A week earlier, Raising Sand had finished eighth of 33 in the Cambridgeshire Handicap at Newmarket, but on this occasion, the stalls draw and the softer going were more in his favour.

Despite hanging left, he quickened nicely to beat Ripp Orf, ridden by another apprentice Jason Watson, by two lengths.

Raising Sand, who finished third in the race last year, was winning for the third time at Ascot and could return for the Balmoral Handicap on British Champions Day on October 20.

This was the 24-year-old Currie’s biggest victory of her career and she was back in the winner’s enclosure on the Chris Wall-trained Erissimus Maximus (10/1) following the meeting’s final race of the day, the McGee Group Handicap over five furlongs.

For Upper Lambourn handler Osborne, Raising Sand completed a highly-successful two-day visit to Ascot, as on Friday he had sent out two winners – Lush Life (ridden by William Buick) in the first and Cliffs of Capri (Mr Alex Ferguson) in the last – on a day when all six races were won by the favourite, one of them being a joint-favourite.

On Friday, Osborne and Currie also had a third on 40/1 outsider Vegas Boy.

Saturday’s rain certainly benefited Intense Romance (11/1) as she held on well to win the opening Duke Of Edinburgh’s Award Rous Stakes in the hands of Callum Rodriguez, by a neck with the 3/1 joint-favourites Mr Lupton and Spring Loaded second and third.

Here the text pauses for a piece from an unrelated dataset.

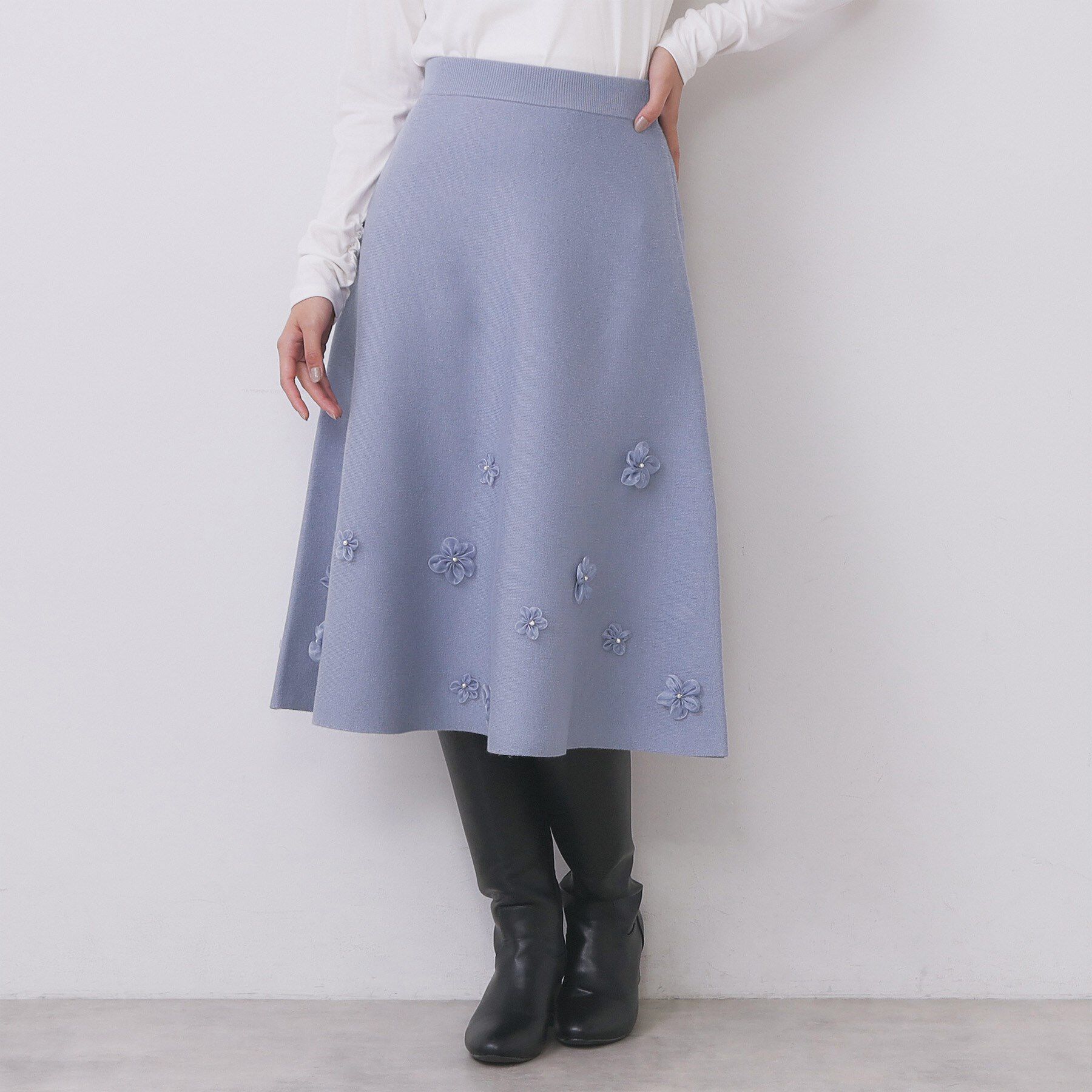 index「フラワーモチーフニットフレアスカート【洗える】」|スカート|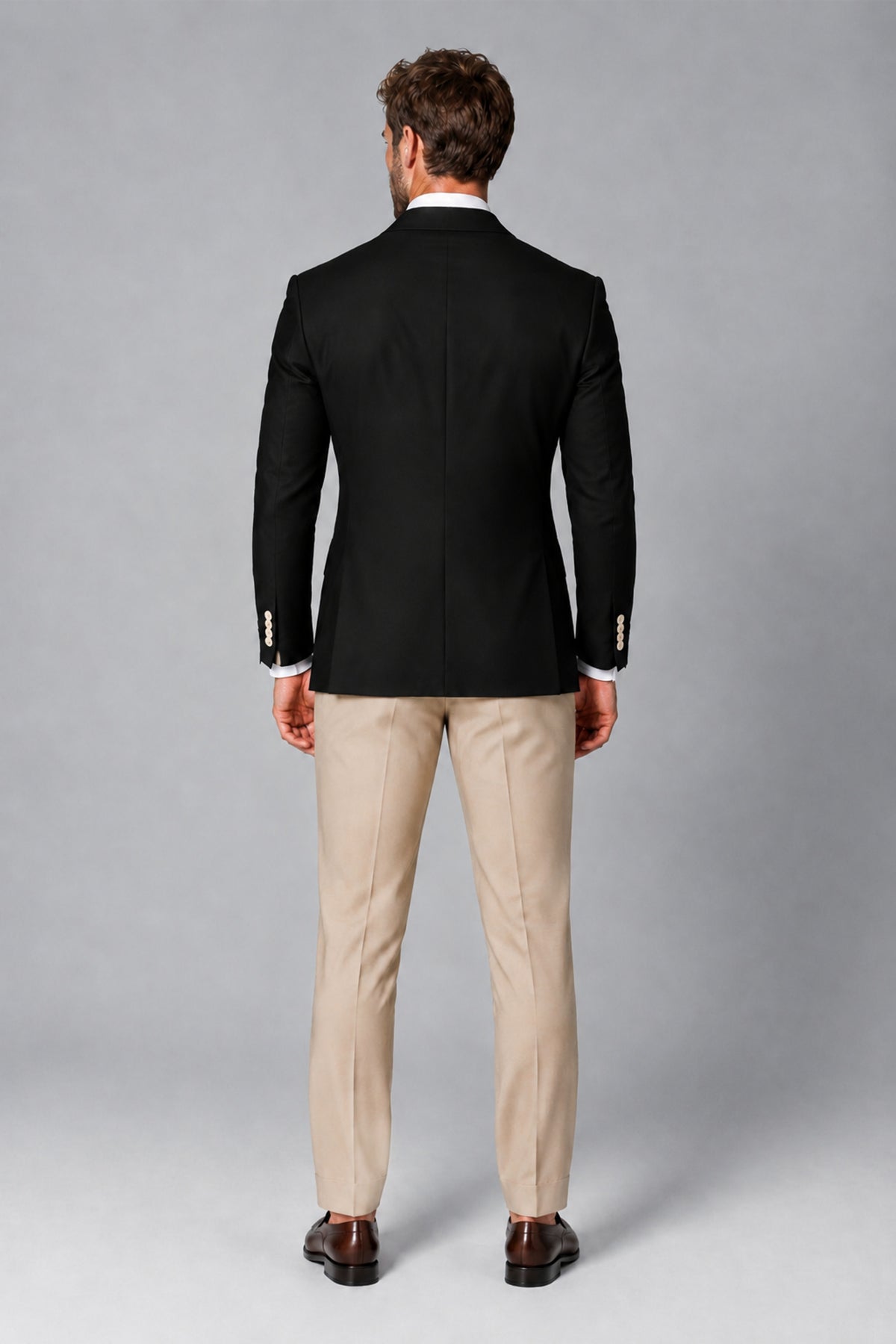 BOLODOO Men's Black Double-Breasted Blazer & Khaki Trousers Tuxedo 2-Piece Suit Set - Black - Black_3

Owen Burrows, who also had a winner at Ascot on Friday, is a trainer bang in form these days, so it was no surprise to see his Laraaib (11/2) win the Stella Artois Cumberland Lodge Stakes by half-a-length in the hands of Jim Crowley.

Projection, owned by the Royal Ascot Racing Club, won the four-runner John Guest Racing Bengough Stakes, having finished second a year ago.

The 2/1 shot, with Kieran Shoemark in the saddle, just held off odds-on favourite Dream Of Dreams by a neck.

The five-year-old could return to Ascot on Champions Day with trainer Roger Charlton commenting: “If the horse is fine, we’ll give it another shot.”

The 15-runner Neptune Investment Management British EBF October Stakes saw Ralph Beckett’s Di Fede (13/2) storm to a comfortable win in the hands of Harry Bentley, beating Red Starlight by three and a half lengths.